低迷続く中国株から、世界の資金は日本株へ 新たなライバルはインド株? 

山下耕太郎
2024年2月28日 12時00分

中国の株式市場が下落しています。その一方で、日本とインドの株式市場は活況を呈しています。中国株の現状とその影響、そして、日本とインドが新たな投資の舞台として台頭している背景を解説します。

中国株市場の基礎知識

中国の株式市場は、上海・深圳の本土市場と、香港市場に分けられます。そして、中国の代表的な株価指数は、以下の3つです。

  • 上海総合指数
  • CSI300指数
  • 香港ハンセン指数

それぞれの指数について解説します。

・上海総合指数

上海総合指数は中国の主要な株価指数で、上海証券取引所に上場されている全銘柄が対象となります。この指数は時価総額を加重平均して算出され、中国の株式市場の動向を反映しています。

・CSI300指数

CSI300指数は、上海証券取引所と深圳証券取引所に上場しているA株・300銘柄のパフォーマンスを再現するように設計された時価総額加重型の株価指数です。A株とは、中国本土の上海証券取引所と深圳証券取引所に上場している人民元建ての株式のことです。

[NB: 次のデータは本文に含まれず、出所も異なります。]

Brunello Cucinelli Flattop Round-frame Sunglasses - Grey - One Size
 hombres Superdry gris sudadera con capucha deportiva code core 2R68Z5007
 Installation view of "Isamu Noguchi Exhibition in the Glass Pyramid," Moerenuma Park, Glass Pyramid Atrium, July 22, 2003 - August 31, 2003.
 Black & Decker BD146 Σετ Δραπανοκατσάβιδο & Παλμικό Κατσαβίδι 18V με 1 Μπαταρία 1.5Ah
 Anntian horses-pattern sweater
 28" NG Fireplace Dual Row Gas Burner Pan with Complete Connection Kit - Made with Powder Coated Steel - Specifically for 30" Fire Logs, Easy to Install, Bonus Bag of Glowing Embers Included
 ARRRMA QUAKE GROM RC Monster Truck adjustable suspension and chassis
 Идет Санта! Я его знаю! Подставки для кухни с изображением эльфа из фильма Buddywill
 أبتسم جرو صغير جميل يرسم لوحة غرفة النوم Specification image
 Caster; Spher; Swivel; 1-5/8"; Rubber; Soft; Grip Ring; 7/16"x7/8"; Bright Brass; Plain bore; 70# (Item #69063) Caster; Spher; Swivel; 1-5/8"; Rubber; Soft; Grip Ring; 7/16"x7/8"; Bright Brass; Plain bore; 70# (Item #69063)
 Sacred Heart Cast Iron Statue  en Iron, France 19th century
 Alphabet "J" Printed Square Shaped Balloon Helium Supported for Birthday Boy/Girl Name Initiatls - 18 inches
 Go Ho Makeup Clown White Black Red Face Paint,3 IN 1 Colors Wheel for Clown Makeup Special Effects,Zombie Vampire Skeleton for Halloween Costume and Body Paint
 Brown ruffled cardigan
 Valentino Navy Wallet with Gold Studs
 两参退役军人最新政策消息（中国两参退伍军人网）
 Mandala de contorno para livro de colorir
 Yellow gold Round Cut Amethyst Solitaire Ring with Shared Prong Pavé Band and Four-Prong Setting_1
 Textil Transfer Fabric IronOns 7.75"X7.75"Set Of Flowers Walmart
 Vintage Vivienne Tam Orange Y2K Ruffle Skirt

このA株は、基本的に中国の国内投資家専用の市場となっていますが、一部の銘柄については、滬港通(上海・香港ストックコネクト)や深港通(深圳・香港ストックコネクト)という制度により、海外の個人投資家も取引できるようになっています。

CSI300指数は中国大陸のブルーチップ銘柄の株価指数とされていて、2004年12月31日を基準日とし、その日の指数値を1000として算出されています。

・香港ハンセン指数

香港ハンセン指数は香港の株式市場の主要な指数で、香港証券取引所に上場されている銘柄を対象としています。同指数は時価総額を加重平均して算出され、香港の株式市場の動向を反映しているので、世界中の投資家が注目しています。

低迷が続く中国株

2023年の中国株は「ゼロコロナ政策」の終了による期待から始まりましたが、年中盤に不動産不況が再燃し、株価は下落しました。この低迷が、2024年に入っても続いています。

上海総合指数は一時的に約3年9か月ぶりに2800ポイントを割り込みました。CSI指数は今年1月に6.3%下落し、過去最悪の6か月連続マイナスとなっています。香港のハンセン指数も同様に低迷しており、4年連続で年間の騰落率がマイナスとなるなど、累計では約4割も下落しています。

中国の個人投資家は中国株を見限り、日経平均株価に連動型するETFなどへと投資対象を移行させています。

いま、中国経済は「3D危機」に直面していると言われています。それは、巨額の債務(Debt)、人口減少といったデモグラフィー(Demography=人口統計学)、そして、需要不足によるデフレ(Deflation)です。さらには米中対立の激化により、海外マネーの中国離れが続いているのです。

こうした背景から流出した資金が日本市場に流れ込んでいることも、日本市場が活況を呈している要因のひとつになっています。中国株が本格的に回復し、マネーが逆流するシナリオは現状では描きにくく、しばらくは日本優位の状況が続きそうです。

中国株低迷の原因

中国株市場の不安定な相場動向は、リスクの蓄積と投資家の信頼の崩壊を示しているといえます。弱い経済見通し、レバレッジ投資家による株式売却や信用取引のマージンコール、そして「スノーボール」による売り要因が、トレーダーを不安に陥れているのです。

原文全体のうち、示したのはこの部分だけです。